--- Information supplied ---

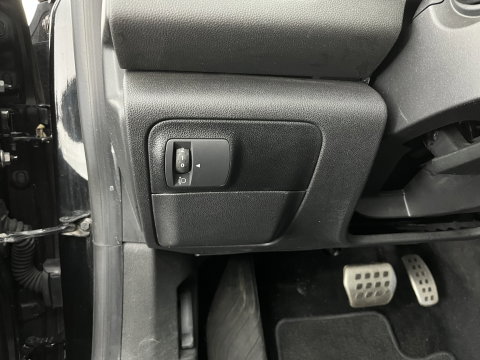Renault Mégane Estate 1.6 TCe GT Aut. *FULL-LED | NAVI-FULLMAP | BOSE-SOUND | DIGI-COCKPIT | SPORT-SEATS | SHIFT-PADDLES | DAB+ | KEYLESS | PRIVACY-GLASS | ECC | PDC | CRUISE | 18''ALU*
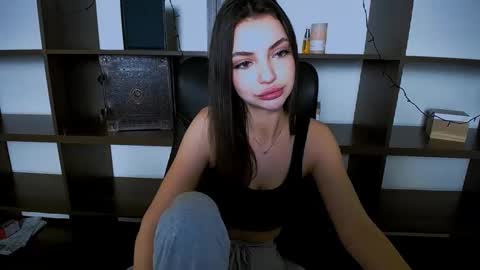 Alexia online show from January 2025 05:37:01 PM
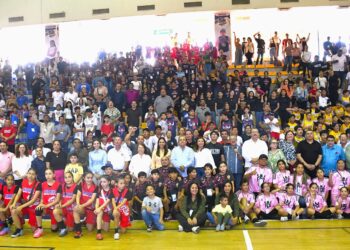 Se enciende el pebetero en los Juegos Deportivos Escolares de Educación Básica 2026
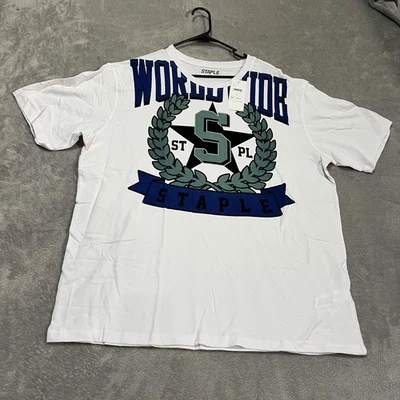 Camisa Staple Para Hombres 2XL Blanca Cresta Mundial Gráfica Camiseta Manga Corta Ropa de Calle Foto 1 de 4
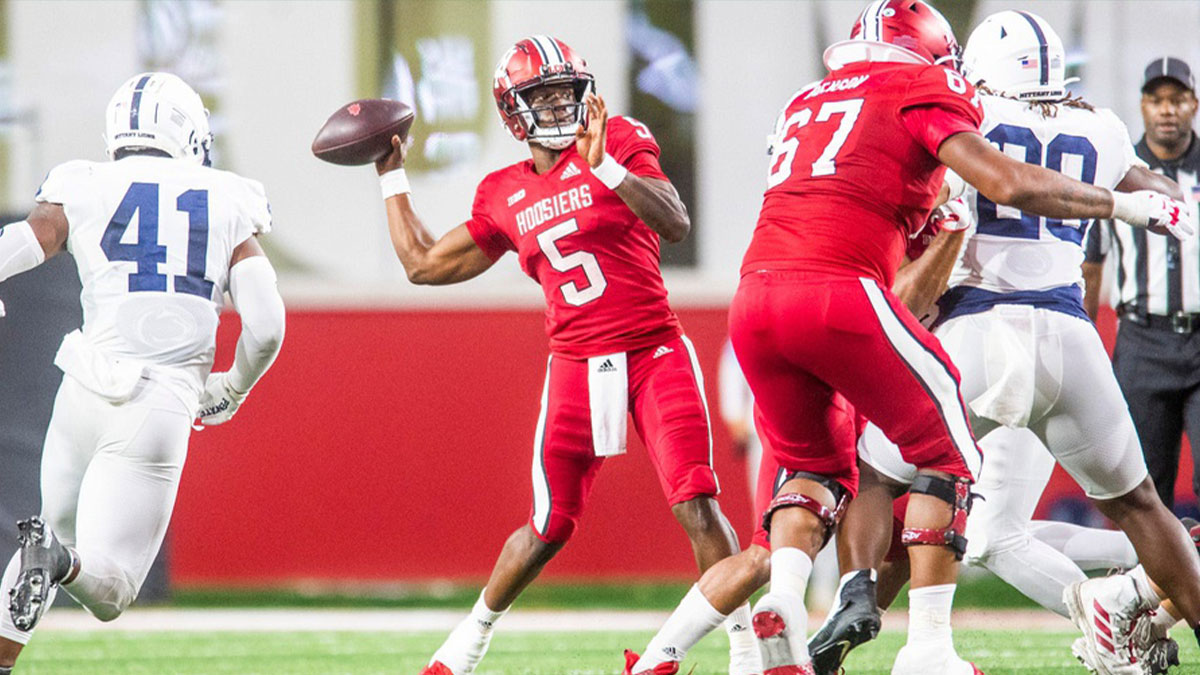 Indiana's Dexter Williams II (5) throws during the second half of the Indiana versus Penn State football game at Memorial Stadium on Satruday, Nov. 5, 2022. Iu Psu Fb Williams 2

---

[What is being asked]
Write out exactly the lines from the one containing "Camisa Staple Para" to the last line of the records above, both included, and leave out any pictures.

[Task result]
 Camisa Staple Para Hombres 2XL Blanca Cresta Mundial Gráfica Camiseta Manga Corta Ropa de Calle Foto 1 de 4
 Indiana's Dexter Williams II (5) throws during the second half of the Indiana versus Penn State football game at Memorial Stadium on Satruday, Nov. 5, 2022. Iu Psu Fb Williams 2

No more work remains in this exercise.